1. Student-Loan Debt. Large debt—and the fear it creates—is a pacifying force. There was no tuition at the City University of New York when I attended one of its colleges in the 1970s, a time when tuition at many U.S. public universities was so affordable that it was easy to get a B.A. and even a graduate degree without accruing any student-loan debt. While those days are gone in the United States, public universities continue to be free in the Arab world and are either free or with very low fees in many countries throughout the world. The millions of young Iranians who risked getting shot to protest their disputed 2009 presidential election, the millions of young Egyptians who risked their lives earlier this year to eliminate Mubarak, and the millions of young Americans who demonstrated against the Vietnam War all had in common the absence of pacifying huge student-loan debt.

Today in the United States, two-thirds of graduating seniors at four-year colleges have student-loan debt, including over 62 percent of public university graduates. While average undergraduate debt is close to $25,000, I increasingly talk to college graduates with closer to $100,000 in student-loan debt. During the time in one’s life when it should be easiest to resist authority because one does not yet have family responsibilities, many young people worry about the cost of bucking authority, losing their job, and being unable to pay an ever-increasing debt. In a vicious cycle, student debt has a subduing effect on activism, and political passivity makes it more likely that students will accept such debt as a natural part of life. 

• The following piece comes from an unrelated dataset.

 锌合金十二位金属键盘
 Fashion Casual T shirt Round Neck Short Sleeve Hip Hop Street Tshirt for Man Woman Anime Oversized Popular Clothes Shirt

2. Psychopathologizing and Medicating Noncompliance. In 1955, Erich Fromm, the then widely respected anti-authoritarian leftist psychoanalyst, wrote, “Today the function of psychiatry, psychology and psychoanalysis threatens to become the tool in the manipulation of man.” Fromm died in 1980, the same year that an increasingly authoritarian America elected Ronald Reagan president, and an increasingly authoritarian American Psychiatric Association added to their diagnostic bible (then the DSM-III) disruptive mental disorders for children and teenagers such as the increasingly popular “oppositional defiant disorder” (ODD). The official symptoms of ODD include “often actively defies or refuses to comply with adult requests or rules,” “often argues with adults,” and “often deliberately does things to annoy other people.”

Many of America’s greatest activists including Saul Alinsky (1909–1972), the legendary organizer and author of Reveille for Radicals and Rules for Radicals, would today certainly be diagnosed with ODD and other disruptive disorders. Recalling his childhood, Alinsky said, “I never thought of walking on the grass until I saw a sign saying ‘Keep off the grass.’ Then I would stomp all over it.” Heavily tranquilizing antipsychotic drugs (e.g. Zyprexa and Risperdal) are now the highest grossing class of medication in the United States ($16 billion in 2010); a major reason for this, according to theJournal of the American Medical Association in 2010, is that many children receiving antipsychotic drugs have nonpsychotic diagnoses such as ODD or some other disruptive disorder (this especially true of Medicaid-covered pediatric patients).